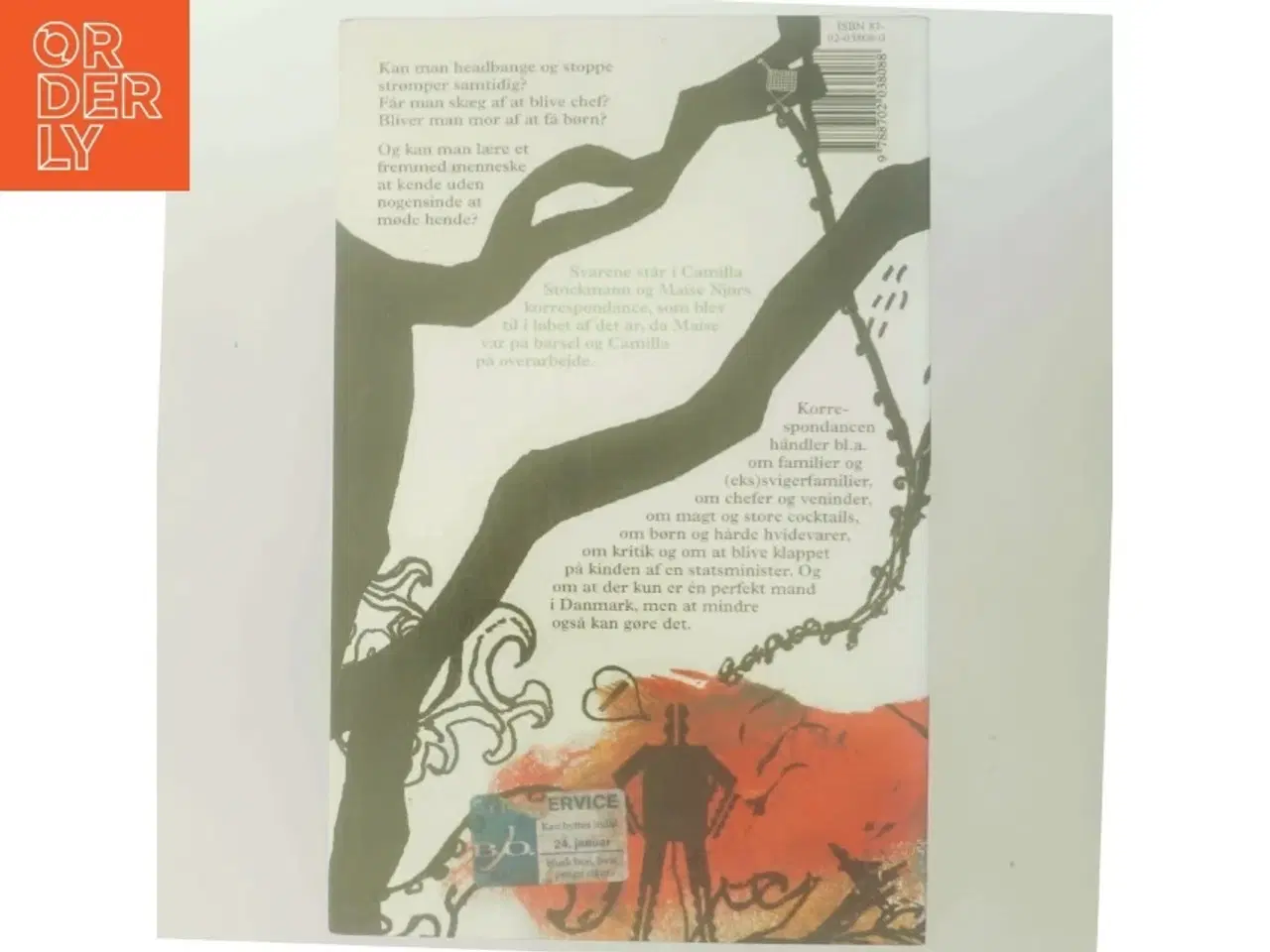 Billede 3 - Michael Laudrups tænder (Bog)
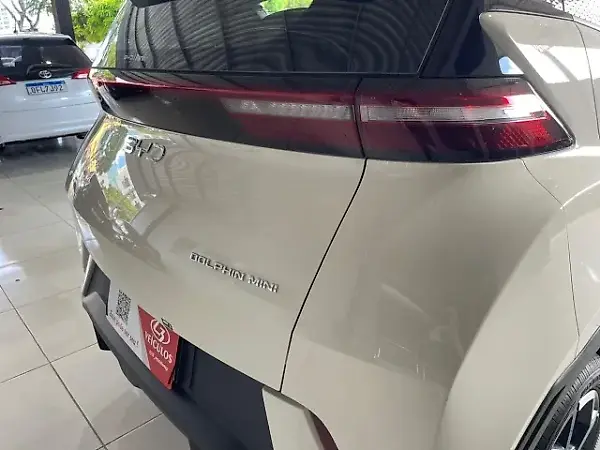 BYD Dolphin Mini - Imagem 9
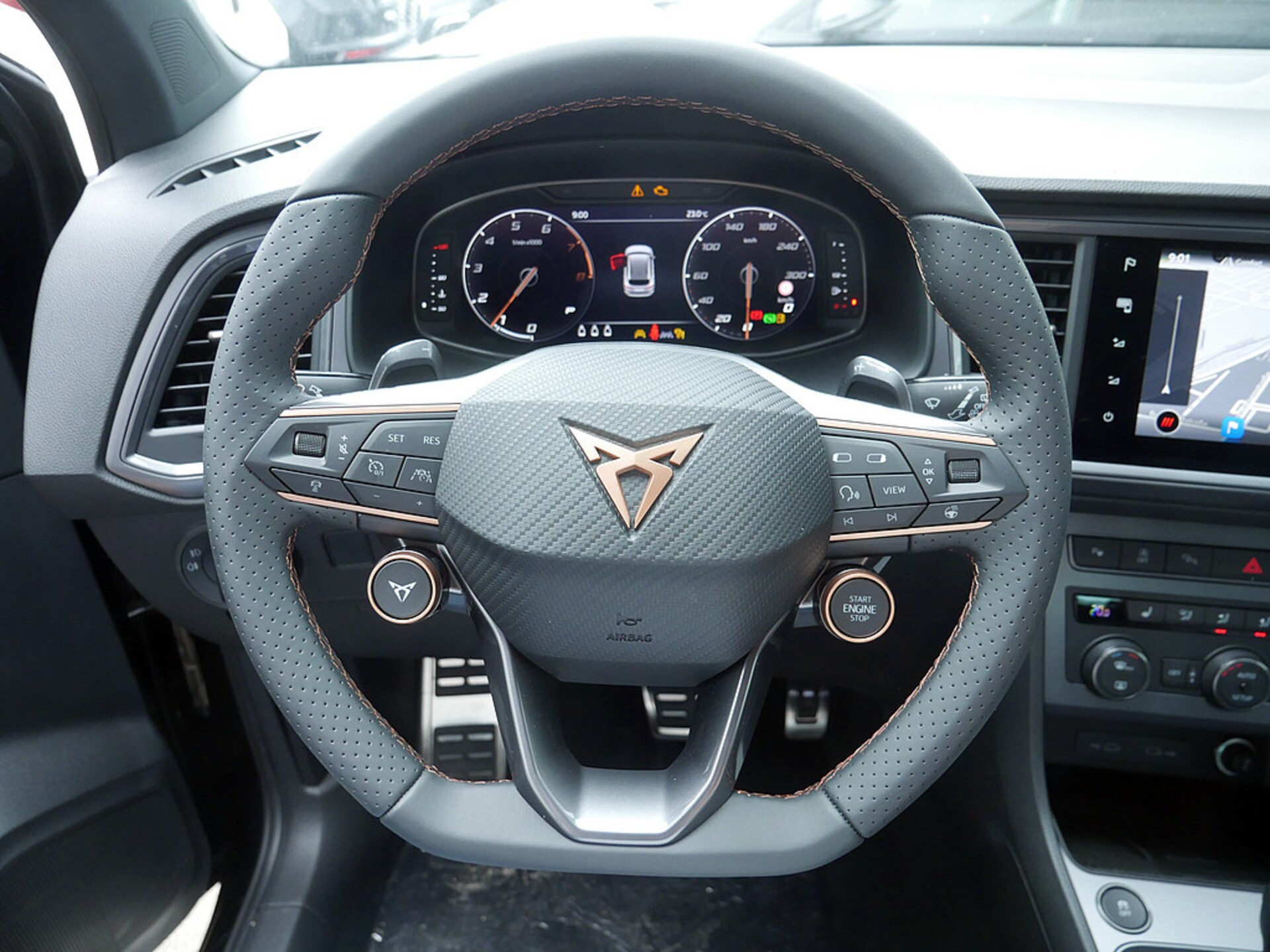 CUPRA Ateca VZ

==

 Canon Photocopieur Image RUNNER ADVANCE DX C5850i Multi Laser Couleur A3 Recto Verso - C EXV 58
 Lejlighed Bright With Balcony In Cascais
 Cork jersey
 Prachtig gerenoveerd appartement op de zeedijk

* * *

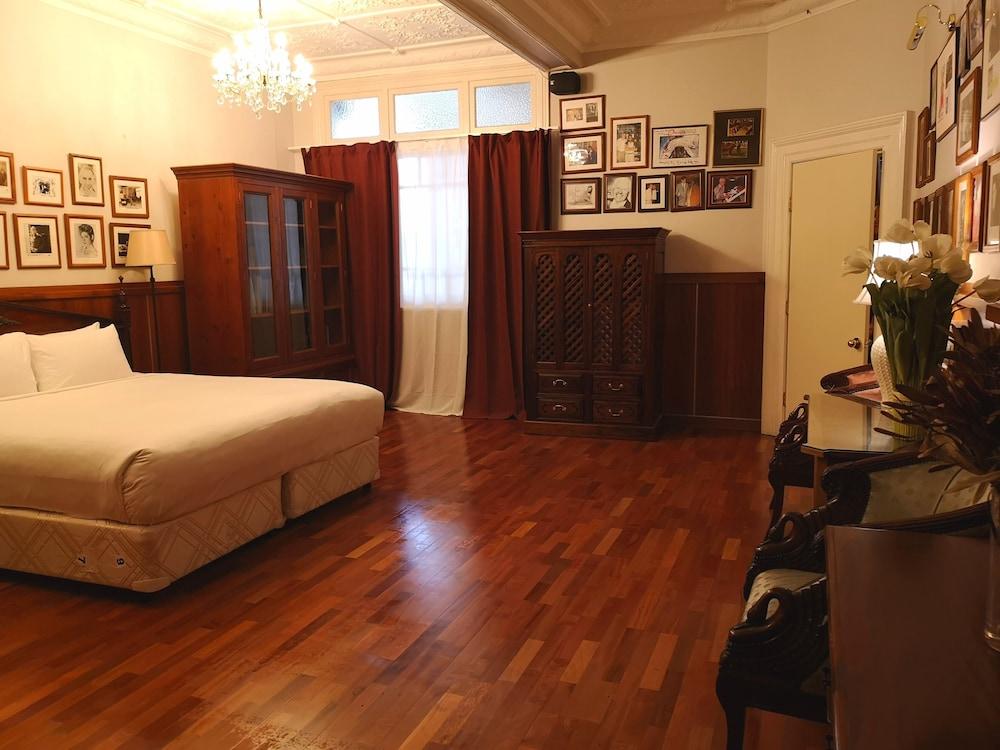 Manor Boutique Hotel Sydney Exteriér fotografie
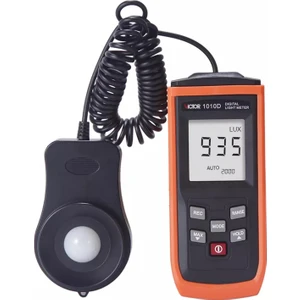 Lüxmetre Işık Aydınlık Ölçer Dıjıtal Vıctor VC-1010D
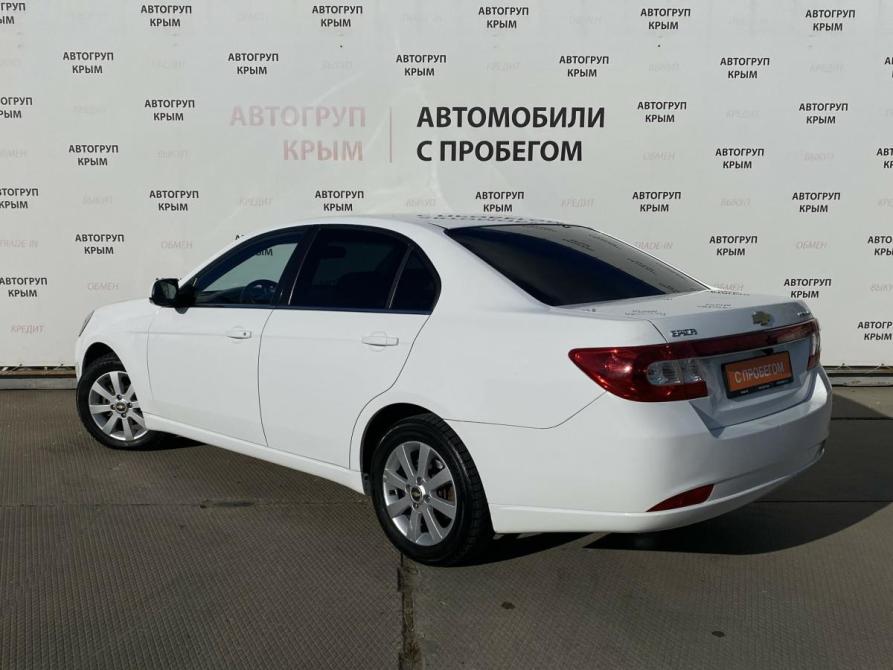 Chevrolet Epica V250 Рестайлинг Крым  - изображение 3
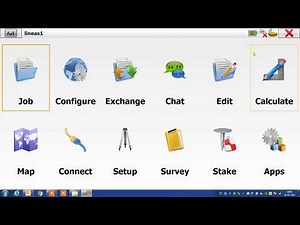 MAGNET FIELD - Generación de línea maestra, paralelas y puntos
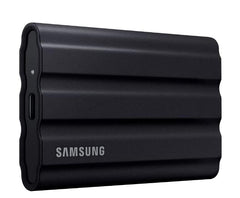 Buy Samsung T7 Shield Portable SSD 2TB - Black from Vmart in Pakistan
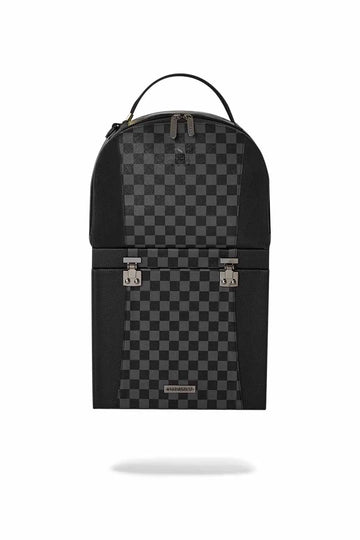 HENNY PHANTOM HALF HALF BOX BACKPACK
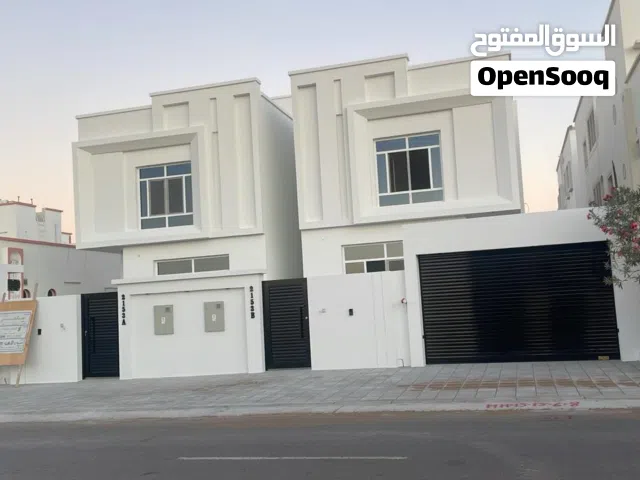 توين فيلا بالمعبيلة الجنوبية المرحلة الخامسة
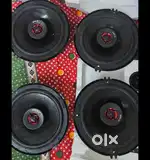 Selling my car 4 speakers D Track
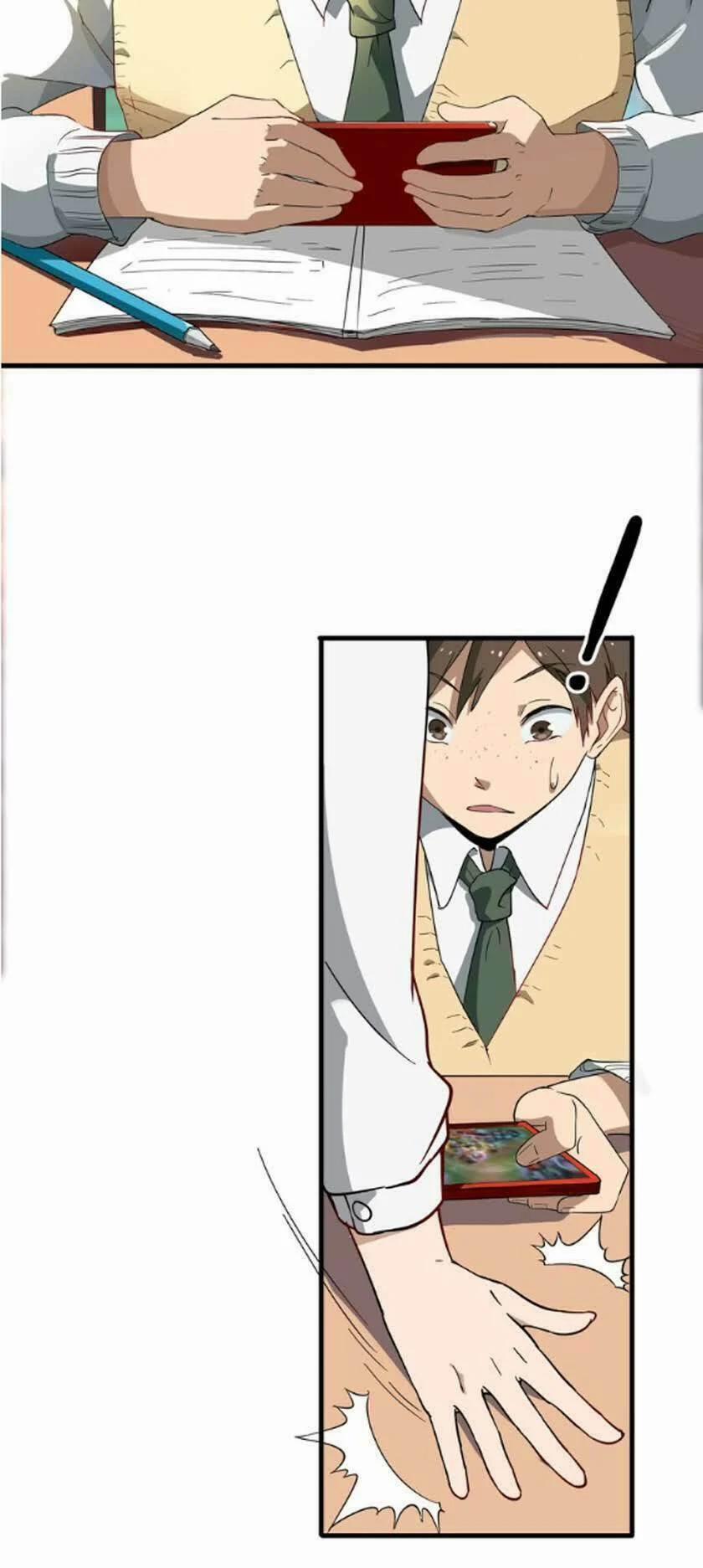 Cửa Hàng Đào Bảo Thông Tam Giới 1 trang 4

Activity = Wherever the line holding "Lejlighed Bright With Balcony In Cascais" falls in the entries above, copy exactly from it through the line holding "Prachtig gerenoveerd appartement", inclusive, and add nothing.

Task output =
 Lejlighed Bright With Balcony In Cascais
 Cork jersey
 Prachtig gerenoveerd appartement op de zeedijk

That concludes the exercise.